> [PROBLEM STATEMENT]: Could you repeat the data word for word while skipping the pictures?

> [MATERIAL PROVIDED]:
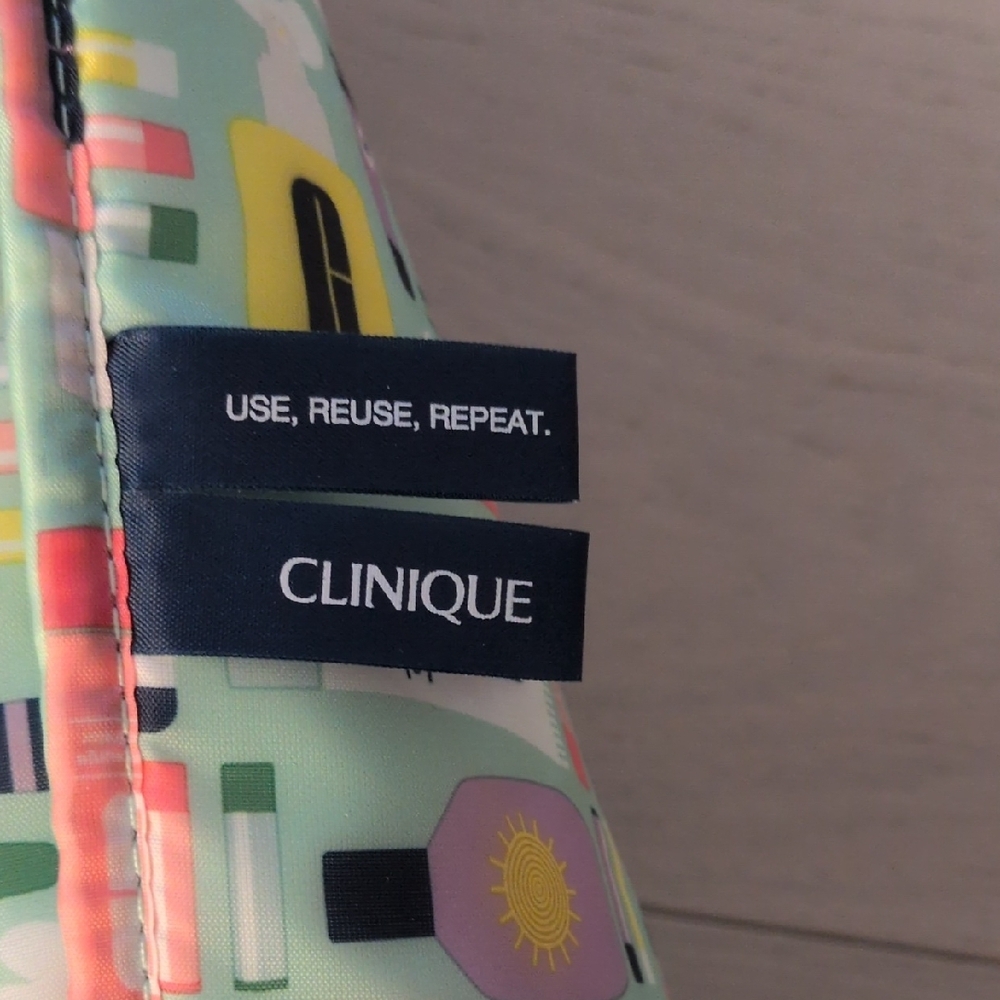 Kate Spade x Clinique Reversible Tote - Picture 6 of 6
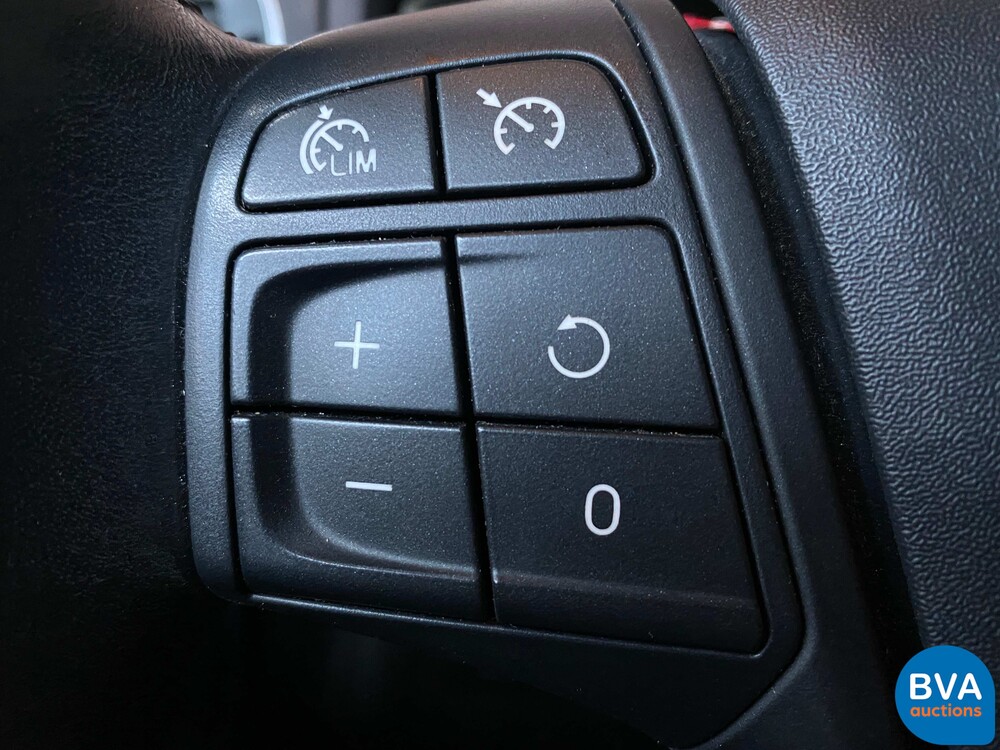 Volvo V40 D2 1.6  Base Business 114pk 2014 -Org. NL-, 2-XVZ-74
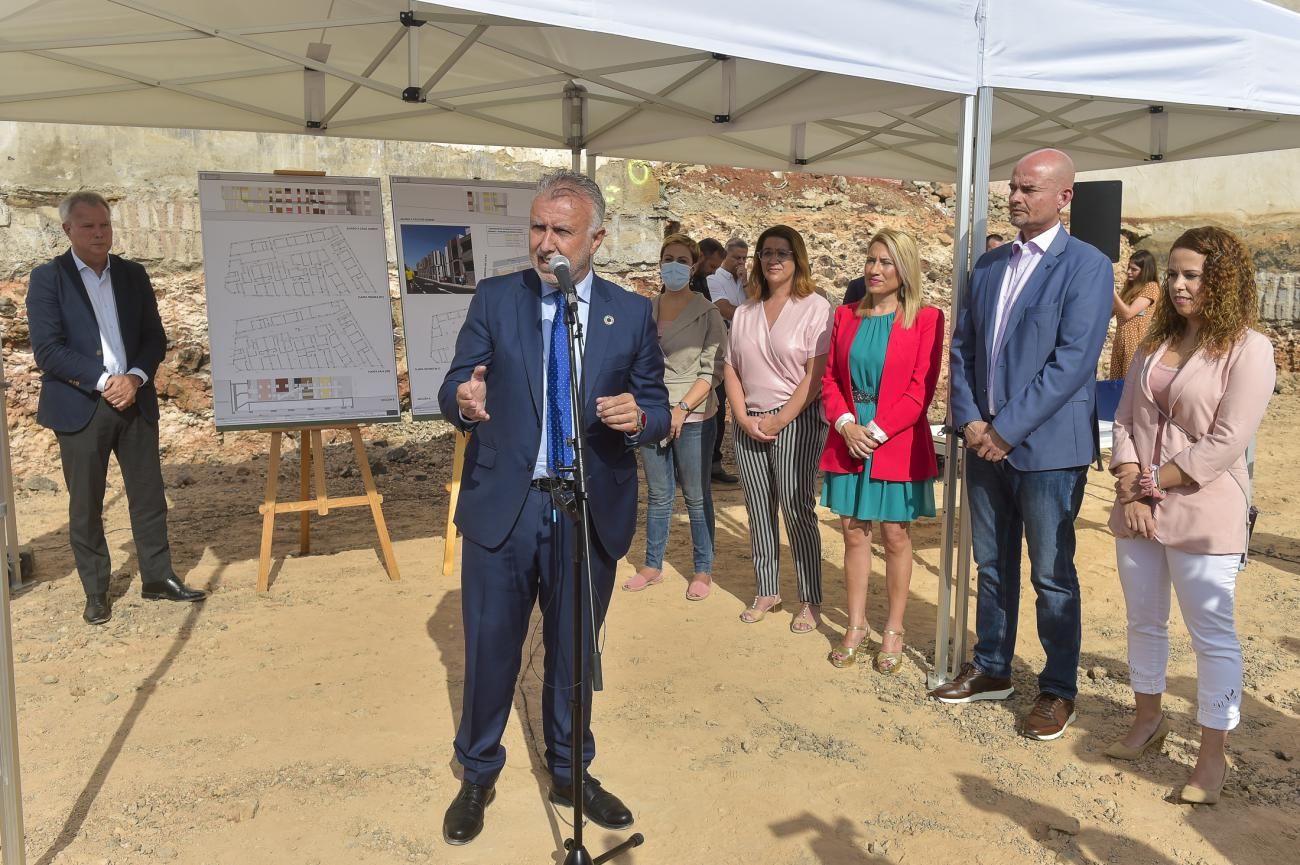 1ª piedra de la 1ª Promoción Viviendas de Ingenio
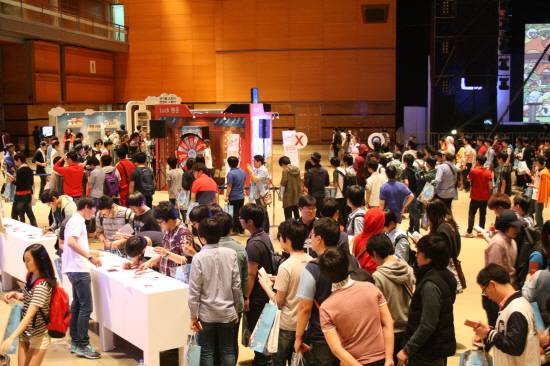 ▲ 행사 시작부터 몰린 수많은 사람들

> [ANSWER FOR THIS EXERCISE]:
 Kate Spade x Clinique Reversible Tote - Picture 6 of 6
 Volvo V40 D2 1.6  Base Business 114pk 2014 -Org. NL-, 2-XVZ-74
 1ª piedra de la 1ª Promoción Viviendas de Ingenio
 ▲ 행사 시작부터 몰린 수많은 사람들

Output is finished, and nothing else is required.